Menurut laporan Badan Urusan Tahanan dan Mantan Tahanan, Klub Tahanan Palestina, dan Lembaga Al-Damir, anak Palestina telah menjadi target langsung kekerasan dan penahanan selama beberapa dekade. Namun, sejak perang ini, tingkat serangan meningkat ke titik yang belum pernah terjadi sebelumnya.
Lebih dari 1.630 anak ditahan di Tepi Barat termasuk Al-Quds, ditambah puluhan anak Gaza yang diculik dalam operasi militer, banyak di antaranya tak diketahui keberadaannya karena penghilangan paksa dan larangan kunjungan, sehingga sulit memperkirakan jumlah sebenarnya.
Saat ini sekitar 350 anak, termasuk dua anak perempuan, masih berada di penjara, mengalami penyiksaan, kelaparan, pengabaian medis, dan isolasi, sebagian besar ditangkap saat razia malam, di pos pemeriksaan, atau bahkan dari sekolah mereka.
Trauma Penahanan
Trauma dimulai sejak momen pertama penahanan. Tentara Israel menerobos rumah pada dini hari, menghancurkan pintu, membangunkan keluarga dengan teriakan, dan memaksa anak-anak berdiri atau duduk berjam-jam.
Mereka diborgol dan dipindahkan ke kendaraan militer, banyak yang mengalami penghilangan paksa tanpa keluarga mengetahui lokasi atau kondisi kesehatan mereka.
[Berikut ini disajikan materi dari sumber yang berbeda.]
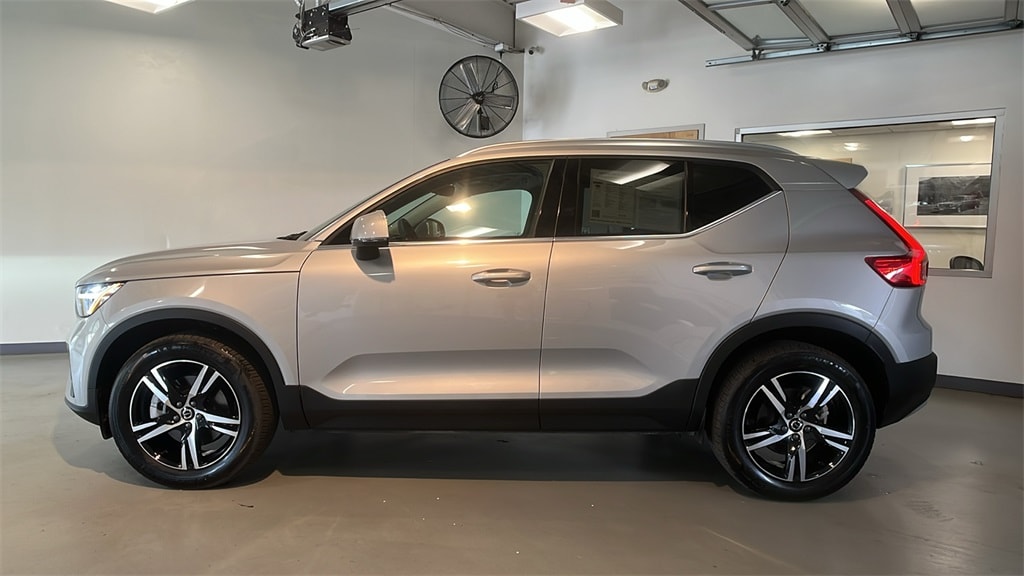 Certified 2025 Volvo XC40 B5 Core SUV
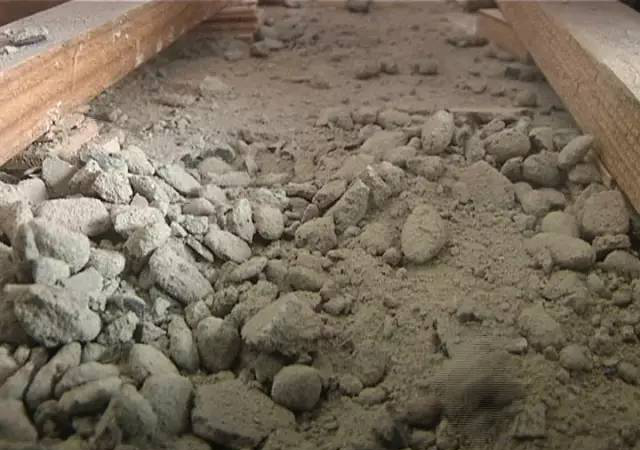 地面起砂，無(wú)法安裝龍骨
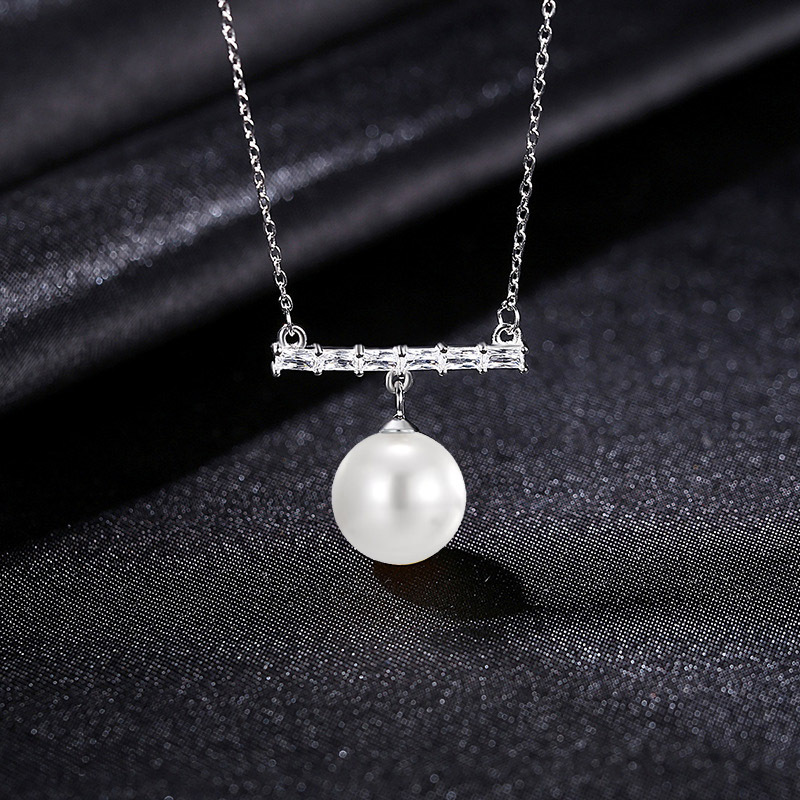 Vespera NFC Pearl Necklace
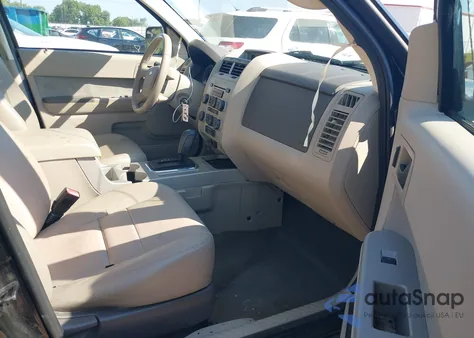 2012 Ford Escape Xlt z USA, uszkodzony, nr VIN 1FMCU9D74CKC84041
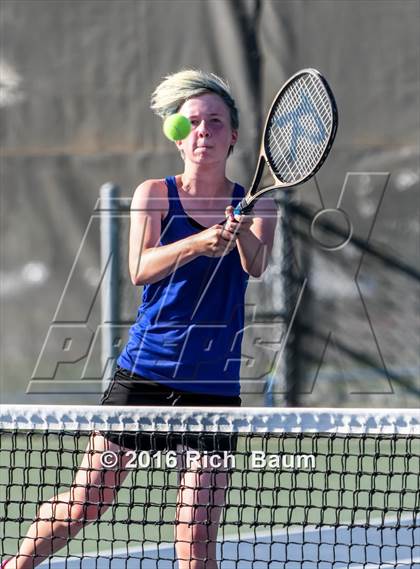 Thumbnail 2 in JV: Rocklin vs. Bella Vista photogallery.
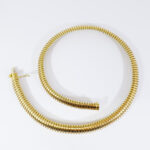 Lotto 129617 Girocollo in oro giallo Base d'asta: 1.440,00 € - Cauzione: 144,00 € Descrizione tecnica: 1 girocollo (oro 18KT 40,5gr)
Tahap interogasi adalah salah satu yang paling kejam: anak-anak ditahan di ruang sempit tanpa ventilasi atau cahaya cukup, disiksa secara psikologis, diancam, dan dipaksa mengaku tanpa kehadiran pengacara atau anggota keluarga.
Kehidupan di Penjara
Di penjara, anak-anak kehilangan kehidupan normal mereka. Ruang sempit, pakaian minim, barang pribadi disita, komunikasi dengan keluarga dibatasi. Razia malam rutin dilakukan, unit khusus menindas dengan tongkat, anjing, dan gas. Penyakit kulit merajalela karena kebersihan buruk dan kepadatan, sementara perawatan medis minim atau hanya diberikan obat penghilang rasa sakit yang tidak sesuai.
Kasus Anak Syahid Walid Khaled Ahmed
Kasus Walid Khaled Ahmed dari Salwad menggambarkan tingkat kejahatan yang dilakukan: ia gugur di penjara Megiddo pada Maret 2025 akibat kelaparan, pengabaian medis, dan siksaan. Autopsi menunjukkan atrofi parah, hilangnya massa otot, pembengkakan di dada, perut, dan usus, serta ruam luas akibat scabies—menunjukkan pola penyiksaan sistematis yang merenggut nyawanya.
Anak-Anak Gaza: Pelanggaran Mengerikan
Di Gaza, anak-anak juga digunakan sebagai tameng manusia dalam operasi militer. Mereka mengalami siksaan berat, kelaparan sengaja, kekurangan air, dan isolasi berkelanjutan. Beberapa diklasifikasikan sebagai “pejuang ilegal,” dalih hukum yang digunakan Israel untuk menahan warga sipil tanpa perlindungan.
Penahanan administratif meningkat, dengan lebih dari 90 anak ditahan tanpa dakwaan atau persidangan adil di bawah alasan “file rahasia,” mengubah pengecualian menjadi kebijakan tetap yang meniadakan hak anak membela diri.
Kesaksian Menyayat Hati
Anak-anak yang dilepas menceritakan penderitaan mereka. M.K (17) ditahan enam bulan dengan borgol terus-menerus, pakaian minim, penyakit kulit menyebar, razia harian, dipukuli, dan dibatasi mandi. Y.H (17) mengalami pemukulan hebat saat ditangkap dan cedera tak diobati. S.R (15) dipaksa menjadi tameng manusia, masuk ke rumah 30 meter di depan tentara, dipukuli, dan menghadapi bahaya langsung dari rumah yang dihancurkan.
Sementara dunia merayakan Hari Anak Internasional, anak-anak Palestina kehilangan masa kecil dan hak mereka atas perlindungan. Mereka ditangkap sejak usia dini dan diadili di pengadilan militer yang meniadakan hak-hak dasar.
Lembaga tahanan menyerukan intervensi negara pihak ketiga untuk menghentikan kejahatan yang menimpa anak-anak, menghentikan perang genosida, menghormati opini konsultatif Mahkamah Internasional mengenai ilegalitas pendudukan, memboikot Israel, dan menuntut pertanggungjawaban atas pelanggaran dan kejahatan terhadap anak-anak Palestina.